By Alexandra Augustak
Photo Credit Emily McColl
Every four years when the countries of the world are given the chance to come together and battle each other with the peaceful prospects of the Olympics, the games are opened with a Parade of Nations. Noting the inspiring form of respect to nations all over the world, Branford High School has been carrying on the Olympic tradition each year, even with all the athletes at home. Every year, we begin the “unofficial start to the school year” with our own version of The Parade of Nations. Students from all grades volunteer to represent a nation as they parade around the commons of the school with the colours of the world.
Being one hundred percent Polish, I have always wanted to carry the red and white flag of Poland in the parade, but always shied away from the idea of walking in front of a large crowd. However, being a senior, I decided that it was finally the time to face my nerves, and to proudly take the job of holding the colors of Poland in front of the school. It was a great moment to be able to represent Poland, a vastly underrated nation, and to be able to show my peers that I am not ashamed of the country that I love.
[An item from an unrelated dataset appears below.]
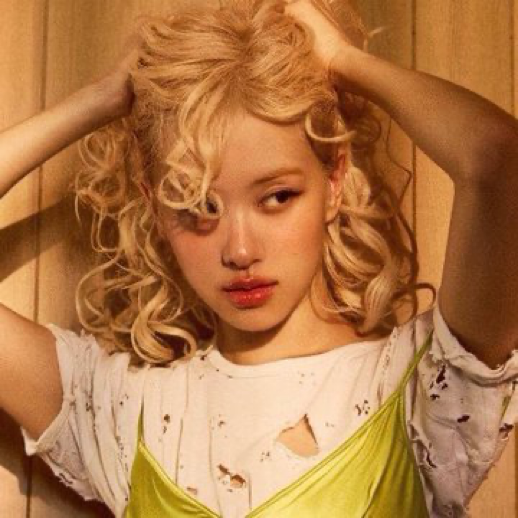 TheePopCore's tweet photo. Shakira joins ROSÉ as the only female artists to ever surpass 900 MILLION monthly listeners on YouTube Music. https://t.co/8MT0JGMwDW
Senior, Aaisma Regmi, feels the same about bearing the flag of Nepal with her brother Anamol, and friend, Reitsuma Panta stating “I felt very patriotic since [my country] is not very well known, so it gave us a chance to show our unique flag to the whole school.”
But the flag bearers are not only for those from a specific country. Any student is able to represent the nation that they so choose to, even if they have not a drop of the said nation’s blood in their veins.
Take for example Bhumika Shah, a senior whose roots originally trace back to India, as today she gladly took to bear the flag of Peru with a fellow sophomore.
Essentially, this epitomizes the purpose of The Parade of Nations, as it not only acts as an homage to the nations of the world, but also as a reminder that diversity is beautiful and respected in the Branford High School community.